[Source information — start]

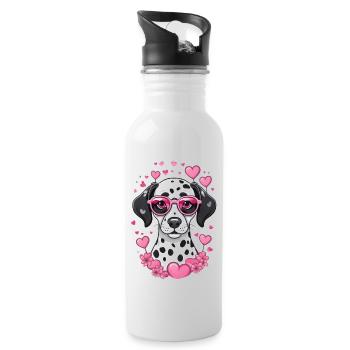 Dalmatian in love with pink glasses and hearts - Water bottle with straw - white - Right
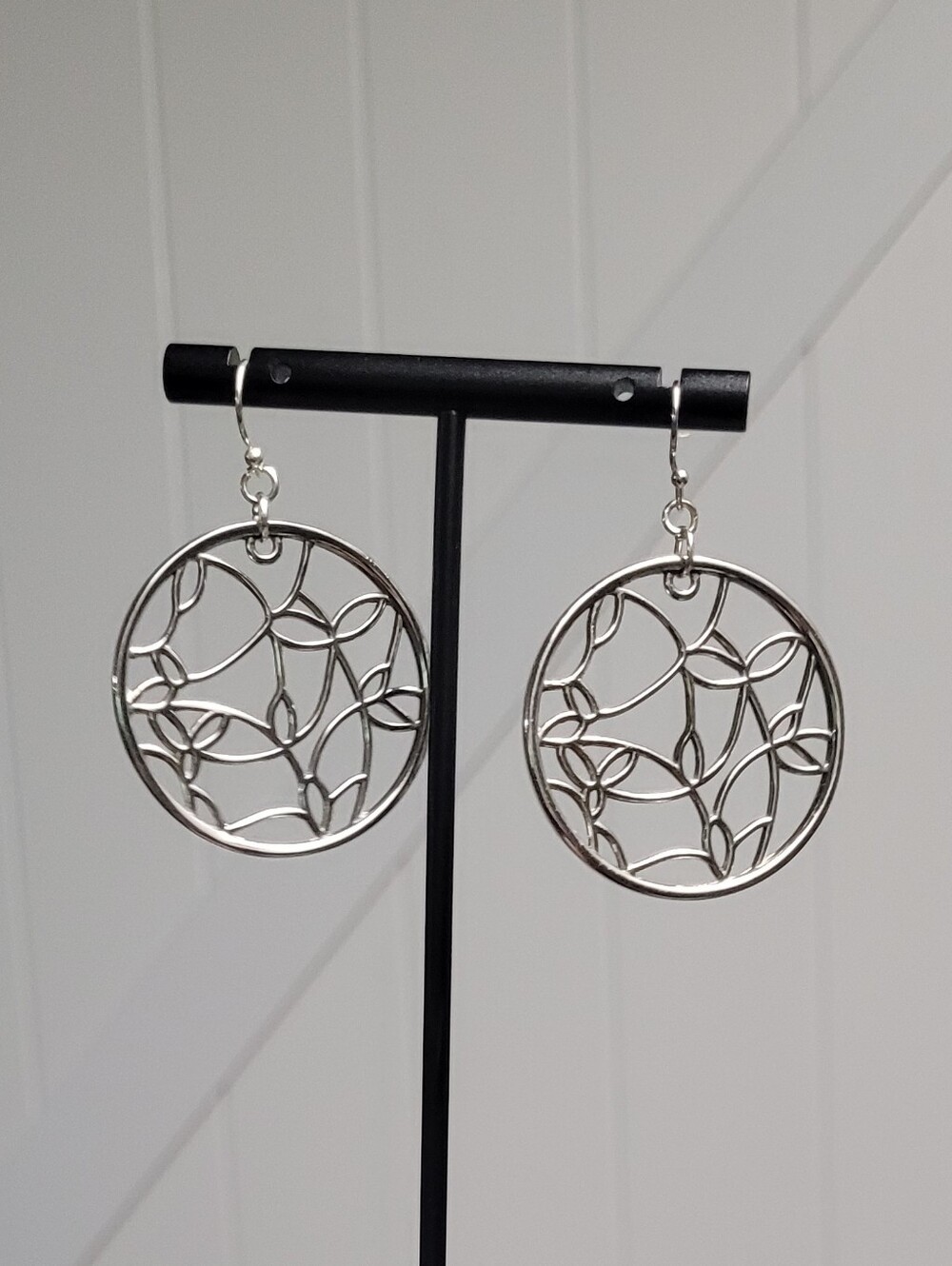Hand Crafted Silver Filigree Round Drop Earrings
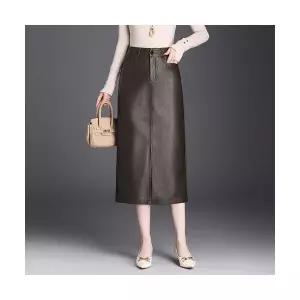 여자 데일리 H라인 스커트 가죽 중기장 추동 하이웨스트 원턱 A라인 PU SPO마켓4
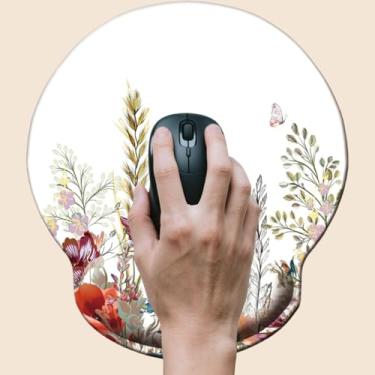 Imagem de Mouse pad ergonômico com suporte de pulso, mouse pads fofos com base de poliuretano antiderrapante para trabalho em casa e escritório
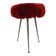 Tabouret tripode vintage "Moumoute" rouge – Pelfran – Années 60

[Source information — finish]

All the records above need to be given again word for word. Skip the pictures.

 Dalmatian in love with pink glasses and hearts - Water bottle with straw - white - Right
Hand Crafted Silver Filigree Round Drop Earrings
 여자 데일리 H라인 스커트 가죽 중기장 추동 하이웨스트 원턱 A라인 PU SPO마켓4
 Imagem de Mouse pad ergonômico com suporte de pulso, mouse pads fofos com base de poliuretano antiderrapante para trabalho em casa e escritório
 Tabouret tripode vintage "Moumoute" rouge – Pelfran – Années 60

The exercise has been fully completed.